For your “take home” final exam, you will “finish” the development of your Surferpedia application. The basic goal of this project is to incorporate all you have learned this semester into your Surferpedia application so that it can be included in your professional portfolio as a showcase of your software engineering skills. A second important goal of this project is to help you develop your planning and project management skills. Thus, a significant part of this project is designing the work to be done and who is going to do it.
All of the prior assigned functionality for Surferpedia should be implemented.
Extend the Surferpedia biography page with a “Country” text field to indicate the country of origin of each surfer. Rely on the site administrator to be consistent in the way countries are spelled.
Your completed application must include a minimum of 30 surfers, but should be designed to support hundreds or thousands of surfers. It is fine for you to include surfers from others in the class. That said, the surfer data must be true: you cannot make up biographical information and/or the surfer’s identities. On the other hand, the surfers do not need to be professionals: friends and family members can be featured in your surferpedia system as long as the photos and data are true.
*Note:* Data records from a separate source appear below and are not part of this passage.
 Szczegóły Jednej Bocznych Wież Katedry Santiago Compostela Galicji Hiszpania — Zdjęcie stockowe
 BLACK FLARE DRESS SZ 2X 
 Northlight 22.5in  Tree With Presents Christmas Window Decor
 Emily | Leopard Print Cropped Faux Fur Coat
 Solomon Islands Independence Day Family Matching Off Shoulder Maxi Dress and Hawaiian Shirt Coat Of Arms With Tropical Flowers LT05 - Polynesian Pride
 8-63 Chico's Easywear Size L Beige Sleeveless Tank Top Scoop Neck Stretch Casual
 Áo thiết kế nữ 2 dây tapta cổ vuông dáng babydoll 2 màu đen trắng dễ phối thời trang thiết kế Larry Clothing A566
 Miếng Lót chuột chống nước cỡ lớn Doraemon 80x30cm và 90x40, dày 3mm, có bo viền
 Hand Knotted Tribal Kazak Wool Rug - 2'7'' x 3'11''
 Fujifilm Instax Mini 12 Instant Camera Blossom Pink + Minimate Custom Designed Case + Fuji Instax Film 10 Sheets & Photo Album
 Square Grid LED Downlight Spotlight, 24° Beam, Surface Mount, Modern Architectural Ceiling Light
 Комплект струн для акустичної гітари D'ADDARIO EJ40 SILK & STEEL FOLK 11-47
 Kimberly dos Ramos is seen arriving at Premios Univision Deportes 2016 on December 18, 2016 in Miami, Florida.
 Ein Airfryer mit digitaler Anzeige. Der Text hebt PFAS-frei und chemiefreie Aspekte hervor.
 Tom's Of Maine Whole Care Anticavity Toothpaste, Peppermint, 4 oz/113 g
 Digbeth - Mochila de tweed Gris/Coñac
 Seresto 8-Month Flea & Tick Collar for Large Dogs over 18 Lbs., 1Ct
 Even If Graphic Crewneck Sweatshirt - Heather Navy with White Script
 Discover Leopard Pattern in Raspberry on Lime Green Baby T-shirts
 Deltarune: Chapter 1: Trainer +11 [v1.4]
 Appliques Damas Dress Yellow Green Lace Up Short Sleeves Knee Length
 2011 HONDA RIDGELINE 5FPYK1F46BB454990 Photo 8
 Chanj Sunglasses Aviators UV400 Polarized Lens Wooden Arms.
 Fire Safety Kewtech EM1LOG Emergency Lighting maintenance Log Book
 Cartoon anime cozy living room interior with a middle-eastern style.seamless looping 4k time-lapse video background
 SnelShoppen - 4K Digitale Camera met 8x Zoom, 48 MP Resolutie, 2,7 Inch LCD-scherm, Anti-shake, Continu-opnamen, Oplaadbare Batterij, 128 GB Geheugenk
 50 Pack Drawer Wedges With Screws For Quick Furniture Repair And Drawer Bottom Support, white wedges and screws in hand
Out of your 30+ surfers, you should have at least 7 male, 7 female, and 7 grom (under 12) surfers.
The home page carousel must randomly pick 3 surfers from your current database to display each time the page is retrieved. (Thus, refreshing the home page should typically result in the display of three new surfers.) You must figure out how to randomly pick three surfers, given that surfers can be deleted over time and thus not all integer IDs will correspond to surfers. All surfers in the database must have a chance to be picked at some point for display on the home page. For some ideas on how to do this, read this post and accompanying comments.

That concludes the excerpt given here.